Thursday, August 21, 2014
The Fall of the Ottoman Empire
As I have noted repeatedly already, this year marks the centenary of the outbreak of the Great War and all the associated and consequent catastrophes--from the Armenian genocide and Russian revolution to the collapse of various empires. Next year one of the most consequential of those collapses, with far-reaching consequences for Eastern Christians, will be reviewed anew in Eugene Rogan's forthcoming book, The Fall of the Ottomans: The Great War in the Middle East (Basic, 2015), 448pp.
About this book the publisher tells us:
In The Fall of the Ottomans, Eugene Rogan weaves a captivating account of the First World War in the Middle East. Supplied by Germany with guns and military advisors, the Ottoman Empire entered the war with gusto, taking on the Russians in the Caucasus and the French and British in North Africa and South Asia. Caught off guard by the Ottomans’ innovative tactics and surprisingly effective forces, the Entente armies rapidly lost ground.

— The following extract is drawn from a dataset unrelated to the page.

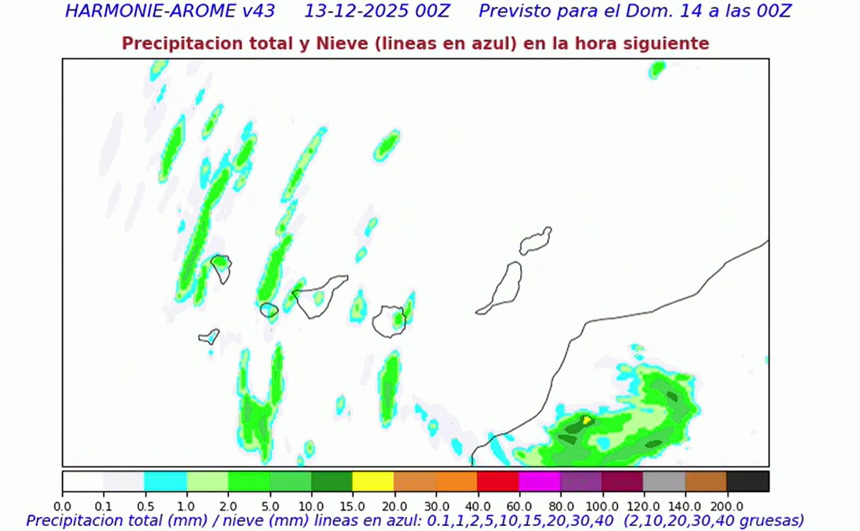 Imagen de cómo está avanzando el frente y de su posible incidencia en la jornada del domingo.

As Rogan shows, it was only by exploiting divisions within the Arab world that the Entente powers were able to break the Ottomans and turn the tide of the war. The ensuing treaties laid the groundwork for the modern Middle East: the Ottomans’ Arab holdings were distributed among the French and British victors, whose control over Palestine and Northern Iraq would have disastrous and lasting consequences. A sweeping narrative of battles and political intrigue from Gallipoli to Damascus, The Fall of the Ottomans shows how a European conflict became a global conflagration.